Translation from English

Saturday, January 31, 2015

When Evil Triumphs- ( Sent to me by an Old Friend)

I believe the author of this is probably a Libertarian ( with whom I have deep disagreements) but is worth reading just to get our sense of perspective again


FREE-MAN's TAKE  with Paul Rosenberg | January 30, 2015
The Only Thing Necessary for Evil to Triumph Is....
[image-The Only Thing Necessary for Evil to Triumph Is…]
I am  betting that most of my readers can complete this phrase. The problem is, it isn't quite true. Edmund Burke, its supposed source, was a good man, but that doesn't make the saying true.
Here's the complete passage, in the form most of us know:
The only thing necessary for evil to triumph is for good men to do nothing.
Yes, there is a time when good men and women must stand up for what's right, even when it involves risk, but that moment comes only after evil has already been well established and is powerfully on the move.
Fighting evil may be an essential thing, but it isn't the first problem --it matters only after thousands or millions of mistakes have already been made. And if those first mistakes had not been made, great fights against evil wouldn't be necessary.
Where Evil Comes From
Let's begin with a crucial point: Evil is inherently weak.
Here's why that's true:
Evil does not produce. It must take advantage of healthy and effective life (AKA good men and women) if it is to succeed. Evil, by its nature, is wasteful and destructive: It breaks and kills and disrupts, but it does not produce and invent.
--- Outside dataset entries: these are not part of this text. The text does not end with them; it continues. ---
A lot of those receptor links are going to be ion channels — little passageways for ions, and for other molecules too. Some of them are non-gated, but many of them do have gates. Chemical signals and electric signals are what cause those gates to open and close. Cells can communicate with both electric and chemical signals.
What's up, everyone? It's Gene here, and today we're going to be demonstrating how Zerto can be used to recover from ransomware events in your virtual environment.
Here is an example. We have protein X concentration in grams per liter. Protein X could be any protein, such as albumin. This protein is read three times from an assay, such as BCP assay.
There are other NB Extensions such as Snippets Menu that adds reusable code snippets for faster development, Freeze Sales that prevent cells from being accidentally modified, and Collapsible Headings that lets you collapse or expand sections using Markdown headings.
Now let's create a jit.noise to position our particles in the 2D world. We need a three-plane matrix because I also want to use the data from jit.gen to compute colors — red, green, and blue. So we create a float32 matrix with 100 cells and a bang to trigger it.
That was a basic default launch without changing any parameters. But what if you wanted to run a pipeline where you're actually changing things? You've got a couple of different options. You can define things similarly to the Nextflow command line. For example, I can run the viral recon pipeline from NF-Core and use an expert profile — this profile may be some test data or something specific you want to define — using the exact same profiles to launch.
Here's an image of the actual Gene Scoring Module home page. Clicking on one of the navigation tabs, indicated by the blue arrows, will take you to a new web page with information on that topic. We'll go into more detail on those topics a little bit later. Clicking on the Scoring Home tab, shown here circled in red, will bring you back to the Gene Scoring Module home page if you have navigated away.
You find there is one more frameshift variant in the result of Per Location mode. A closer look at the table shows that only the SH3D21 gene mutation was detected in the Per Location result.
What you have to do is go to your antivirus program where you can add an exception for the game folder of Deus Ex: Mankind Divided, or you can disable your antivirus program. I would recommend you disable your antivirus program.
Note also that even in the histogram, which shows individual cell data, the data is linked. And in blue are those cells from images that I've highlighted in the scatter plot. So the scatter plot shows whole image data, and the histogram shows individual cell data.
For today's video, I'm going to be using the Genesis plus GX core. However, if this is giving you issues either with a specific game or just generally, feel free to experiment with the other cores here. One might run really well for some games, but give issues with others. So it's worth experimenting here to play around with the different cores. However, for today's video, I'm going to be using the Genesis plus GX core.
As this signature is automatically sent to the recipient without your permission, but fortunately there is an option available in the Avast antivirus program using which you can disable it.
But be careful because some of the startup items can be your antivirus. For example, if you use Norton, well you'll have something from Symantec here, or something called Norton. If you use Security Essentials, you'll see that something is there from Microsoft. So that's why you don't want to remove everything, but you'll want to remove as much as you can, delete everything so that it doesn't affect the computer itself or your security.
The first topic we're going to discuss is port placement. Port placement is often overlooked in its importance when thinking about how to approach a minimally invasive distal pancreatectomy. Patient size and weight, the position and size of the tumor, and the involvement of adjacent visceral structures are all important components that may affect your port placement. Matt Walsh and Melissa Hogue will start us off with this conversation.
Evil requires the production of the good in order to do its deeds.
  • How much territory could Caesar have conquered on his own?
  • How many people could Joe Stalin have killed with no one to take his orders?
  • How many people could Mao have starved to death without obedient middlemen?
  • With duteous followers, however, evil rulers killed some 260 million people in the 20th century.
The truth is that evil survives by tricking the good into doing its will. Without thousands of basically decent people confused enough to obey, evil would fail quickly.
The great tragedy of our era is the extent to which evil has been successful in convincing people to service it. Good people having yielded their wills arm evil, accommodate evil, and acquiesce to its actions.
Hannah Arendt summarized it this way:
The sad truth is that most evil is done by people who never make up their minds to be good or evil.
People end up supporting evil because they don' t want to make up their minds at all. They want to avoid criticism and vulnerability, so they hold to the middle of the pack and avoid all risk.
These people wouldn't initiate murders by themselves, but in the name of duty, loyalty, unity, and/or the greater good, they cooperate with evil and give it their strength. But each plays a small part-- none of them stretches so far that they'd have to contemplate the final effects of their actions.
In the 20th century, however, the actions of such people led directly to the murders of 260 million people. And they did this precisely by avoiding decisions,  by merely obeying.
Sins of Obedience
People think of murder, lying, and robbery as sins, but none of those has nearly the death toll of obedience.
Basically decent men and women obey agents of evil for very mundane reasons. The process often goes like this:
  1. Being confused and intimidated, they look for the center of the pack.
  1. They try not to make waves.
  1. They learn that they can avoid making waves best if they adopt the perspectives of their overlords. So they run the overlords'  slogans through their minds as a default program.
In the end, these people don't make up their minds. Rather, they take on the minds of their overlords and do their will.
And so, the vast majority of evil done on Earth traces back to minds and wills that have been abandoned to fear and laid on the Altar of Obedience.
So....
This is what the famous quote should say:
The only thing necessary for evil to triumph is for good men to obey.
We should be painting that saying on our walls.